AgentSkillsCN

rss-article-retriever

从本地 WeWe-RSS 服务中抓取文章,通过 Playwright 读取全文内容,清洗并输出结构化数据。当用户提出“获取 RSS 文章”“列出近期文章”“按关键词搜索文章”或“为视频脚本生成而提取文章内容”时,可调用此技能。

SKILL.md
--- frontmatter
name: "rss-article-retriever"
description: "Fetch articles from local WeWe-RSS service, read full content via Playwright, clean and output structured data. Use when user asks to get RSS articles, list recent articles, search articles by keyword, or retrieve article content for video script generation."

This skill retrieves articles from a local RSS service (WeWe-RSS) and outputs clean, structured content ready for downstream processing (e.g., video script generation).

Mandatory Execution Steps

Follow these steps EXACTLY when executing this skill:

Step 1: Determine Operation Mode

Analyze user input to determine mode:

  • list → Return article list without full content
  • search → Filter by keyword, return list
  • get → Fetch full article content (must use Playwright/curl method)

Step 2: Fetch from RSS API

Step 2: Fetch from RSS API

Use the provided python script to fetch RSS articles:

bash
python3 app/agentic/skills/rss-article-retriever/scripts/fetch_rss.py --limit {limit} --title_include "{keyword}"

Step 3: For Full Content (get mode)

Use the provided python script which uses Playwright:

bash
python3 app/agentic/skills/rss-article-retriever/scripts/fetch_content.py "{article_url}"

If these scripts are available as tools, use the tool directly.
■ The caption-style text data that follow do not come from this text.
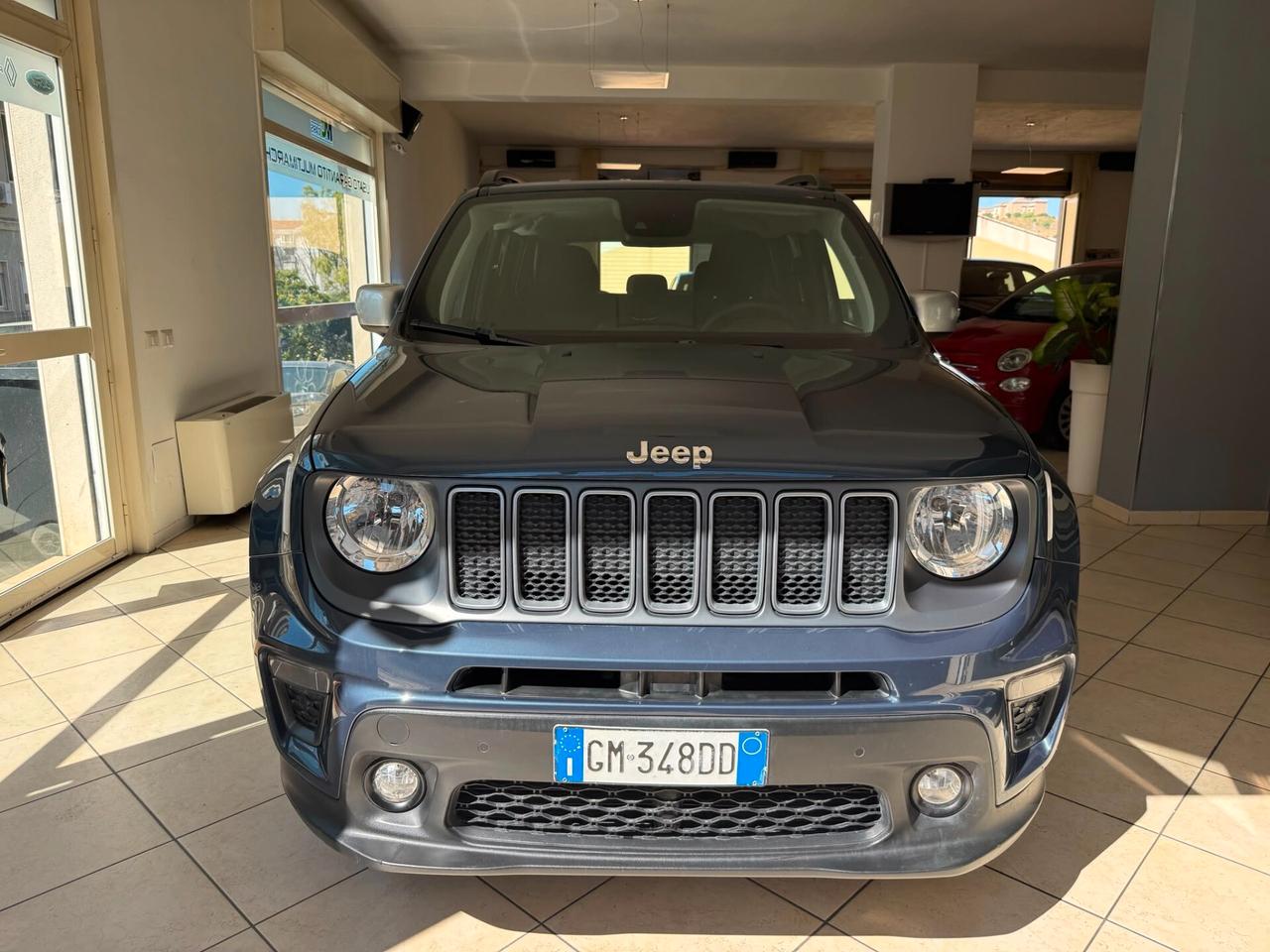 Jeep Renegade 1.6 Mjt 130 CV Limited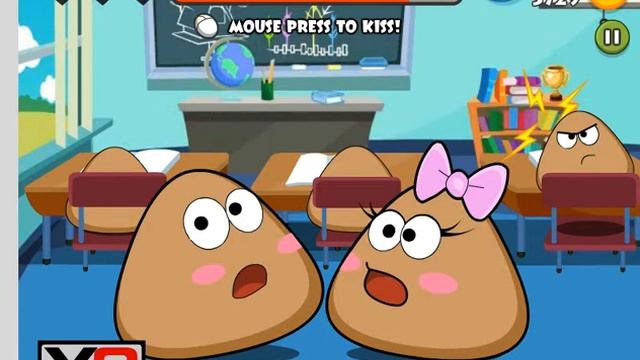 поцелуи поло и попо мульт игра для детей №15 смотреть онлайн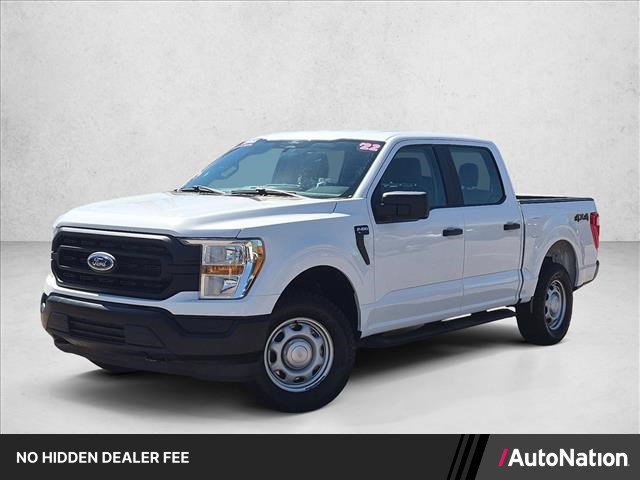Used 2022 Ford F150 XL w/ Trailer Tow Package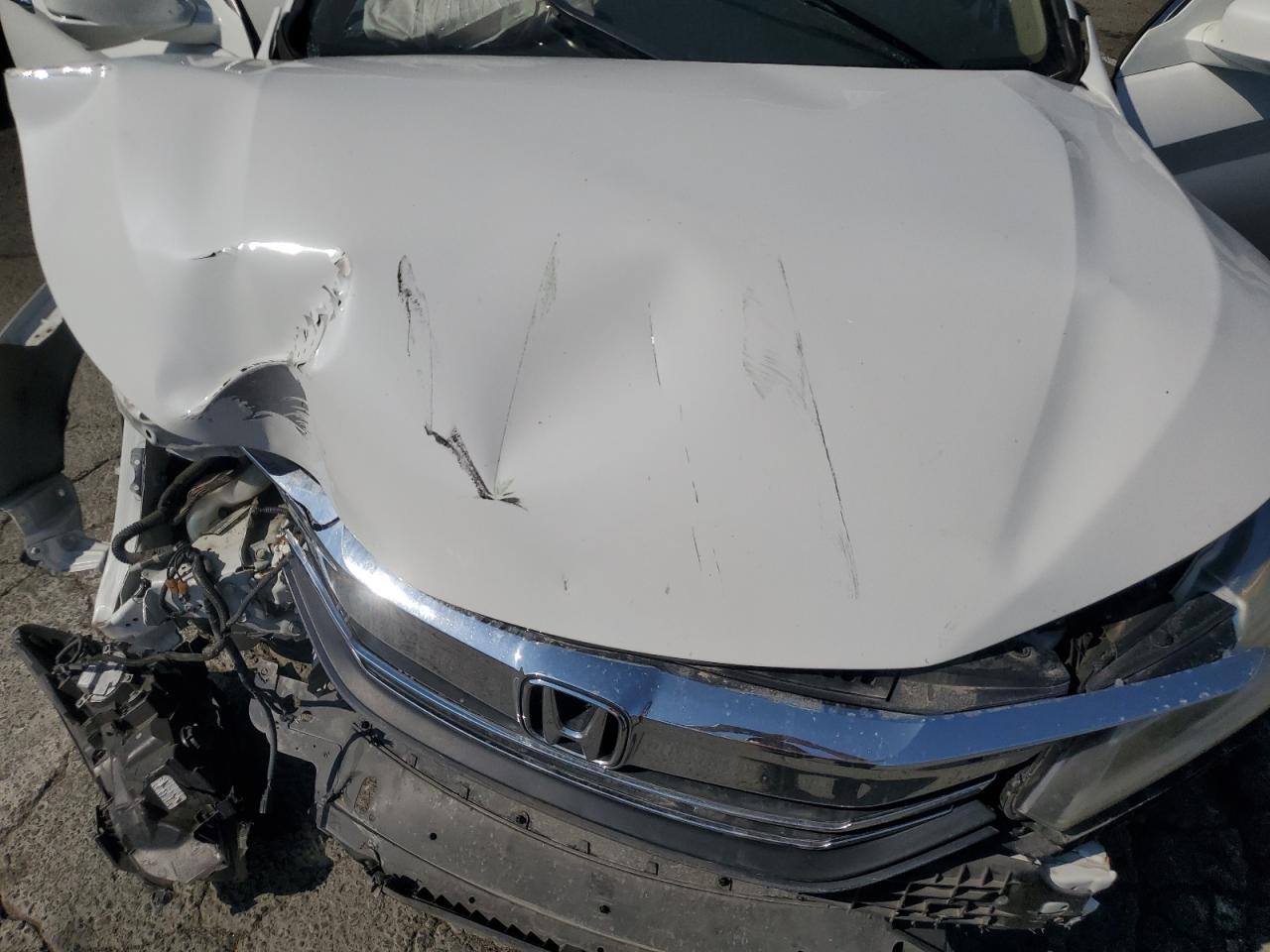 HONDA ACCORD TOURING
Otherwise execute via shell.

Step 4: Clean Content

Apply cleaning rules from CLEANING_RULES.md:

  • Remove author profile sections
  • Remove QR codes
  • Remove subscription prompts
  • Preserve main article text and legal sections

Step 5: Identify Sections

Look for common legal article headings:

  • 案情简介
  • 法院审理
  • 法院判决
  • 法官说法

Step 6: Output Structured Result

Wrap output in <skill-output> markers with proper JSON format.

Step 7: CRITICAL - Auto-Chain to video-script-generator

MANDATORY: After outputting the RSS article result, check the original user request:

If the user's request contains ANY of these phrases:

  • "制作视频脚本"
  • "生成口播脚本"
  • "生成视频脚本"
  • "make video script"
  • "create video script"
  • "generate script"
  • "to make script"

You MUST IMMEDIATELY call the video-script-generator skill with the article content.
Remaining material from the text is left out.